- What you will do -
Make an exact transcript of the lines in the data below, starting with the one containing "QCQHDU 10 inch" and going on through the one containing "Recette facile de", with both included and the pictures left out.

- Listed records -
......

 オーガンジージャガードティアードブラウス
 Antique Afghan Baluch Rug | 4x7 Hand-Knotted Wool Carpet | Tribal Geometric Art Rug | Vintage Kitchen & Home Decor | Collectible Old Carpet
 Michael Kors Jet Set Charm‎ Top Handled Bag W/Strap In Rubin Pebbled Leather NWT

......

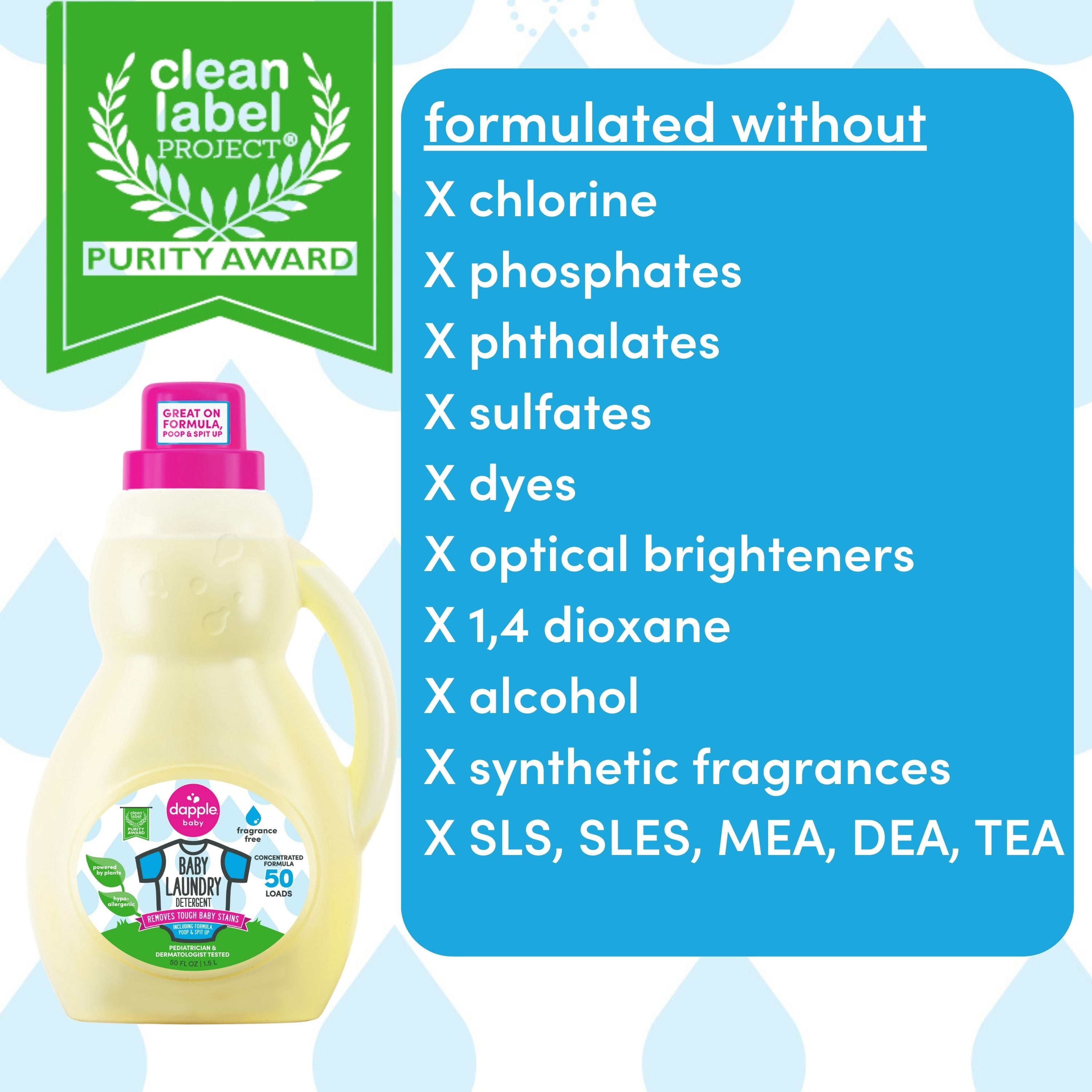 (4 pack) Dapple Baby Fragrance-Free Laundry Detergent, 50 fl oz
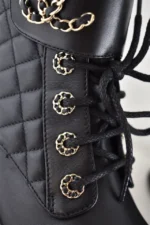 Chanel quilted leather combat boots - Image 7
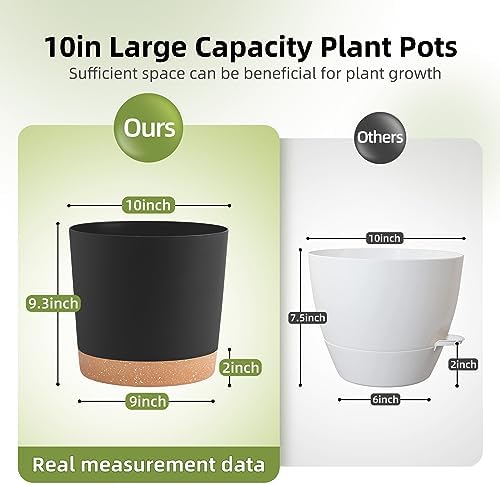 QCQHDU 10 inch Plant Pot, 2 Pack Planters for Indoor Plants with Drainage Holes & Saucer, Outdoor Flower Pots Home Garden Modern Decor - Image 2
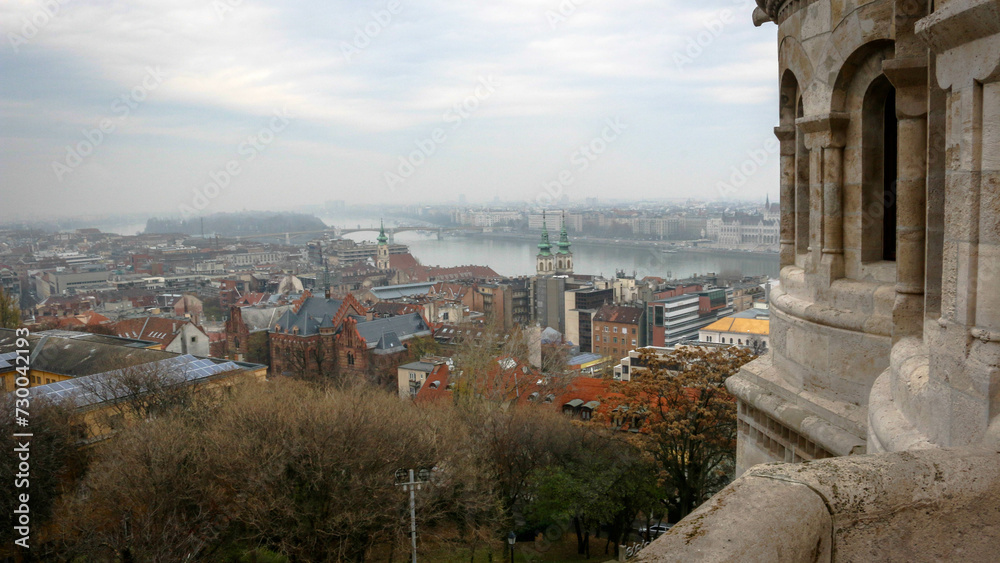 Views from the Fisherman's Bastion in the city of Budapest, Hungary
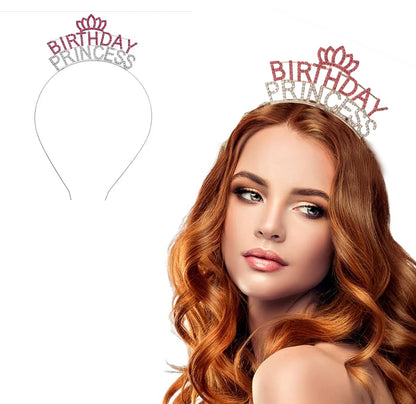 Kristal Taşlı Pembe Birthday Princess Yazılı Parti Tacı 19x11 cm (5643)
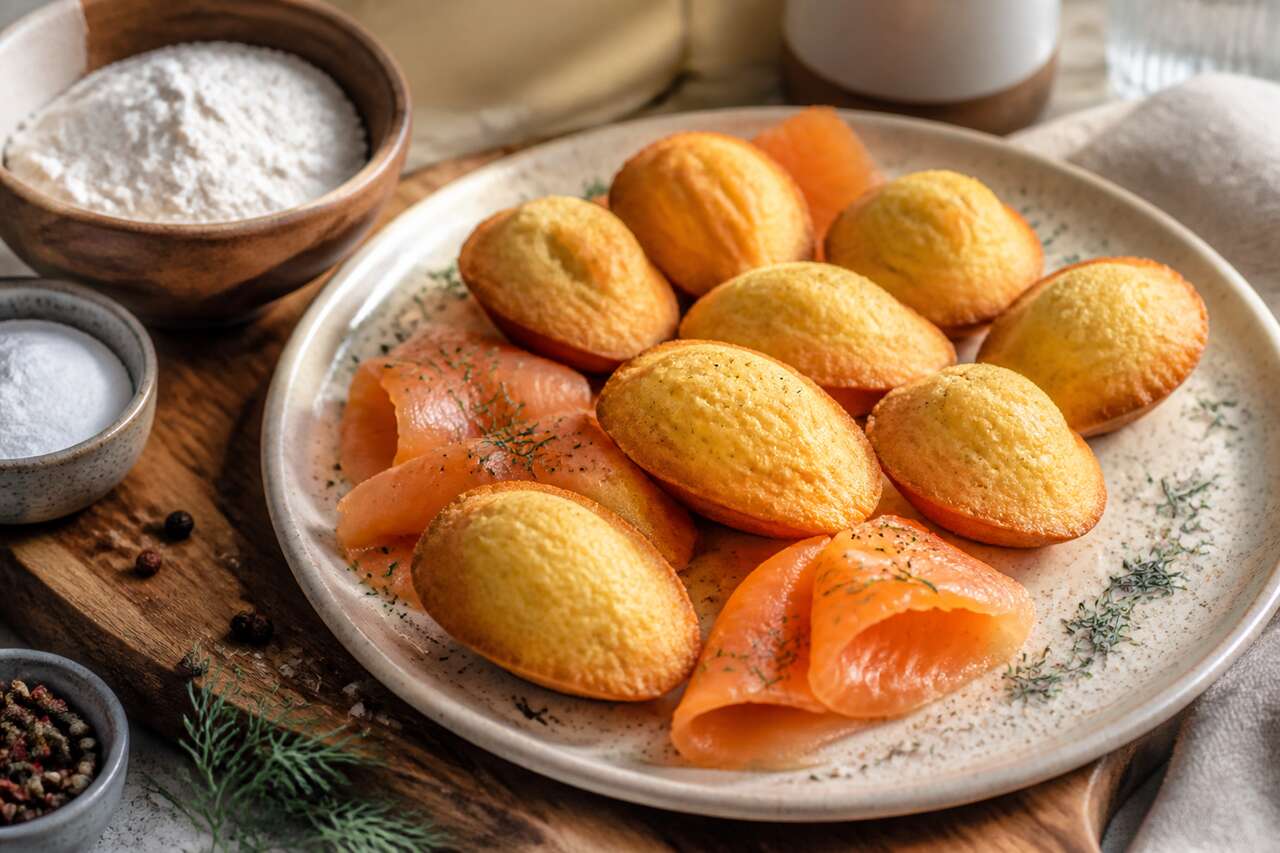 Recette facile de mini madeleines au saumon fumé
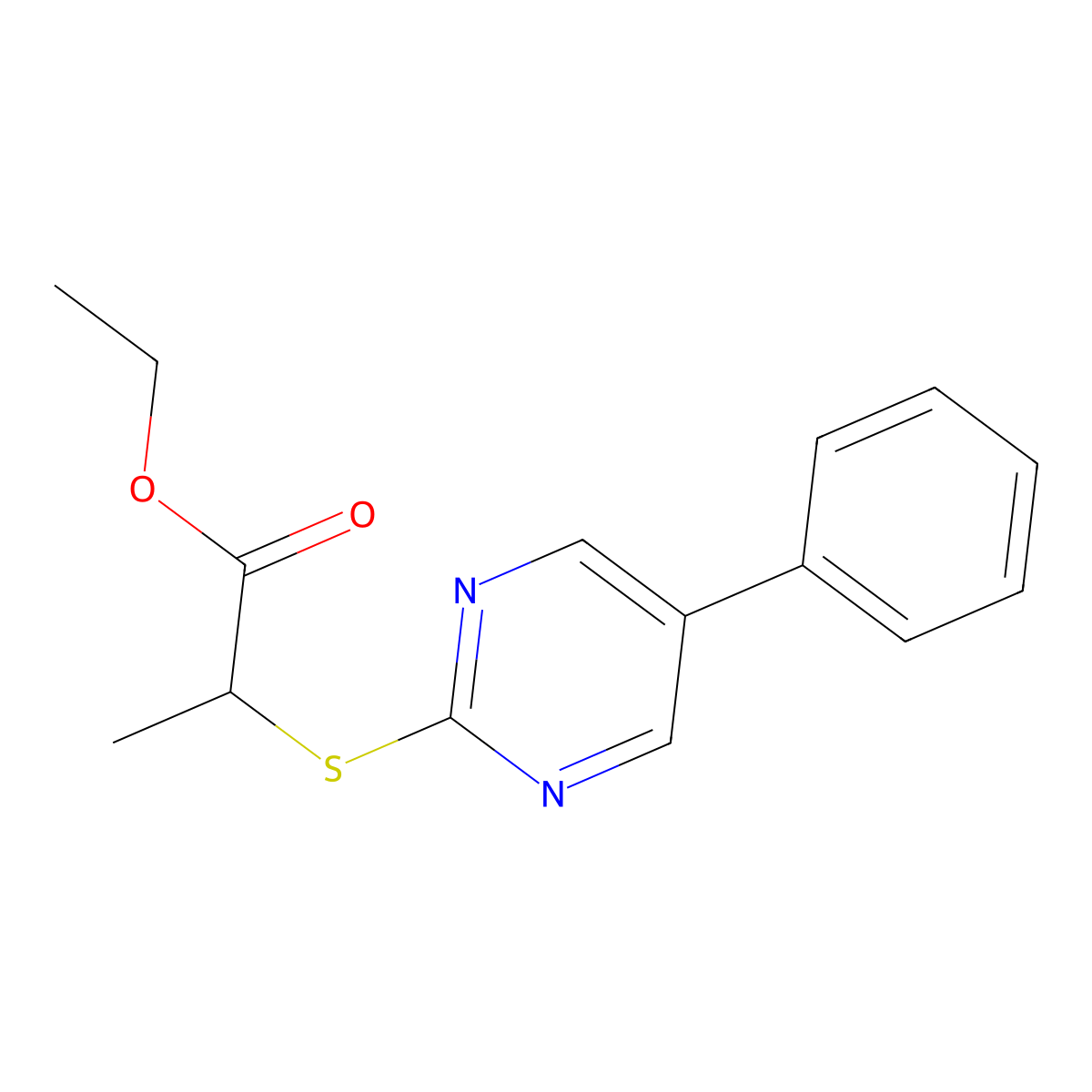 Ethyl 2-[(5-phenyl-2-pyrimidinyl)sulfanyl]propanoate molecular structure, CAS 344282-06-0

......

- Output for this exercise -
 QCQHDU 10 inch Plant Pot, 2 Pack Planters for Indoor Plants with Drainage Holes & Saucer, Outdoor Flower Pots Home Garden Modern Decor - Image 2
 Views from the Fisherman's Bastion in the city of Budapest, Hungary
 Kristal Taşlı Pembe Birthday Princess Yazılı Parti Tacı 19x11 cm (5643)
 Recette facile de mini madeleines au saumon fumé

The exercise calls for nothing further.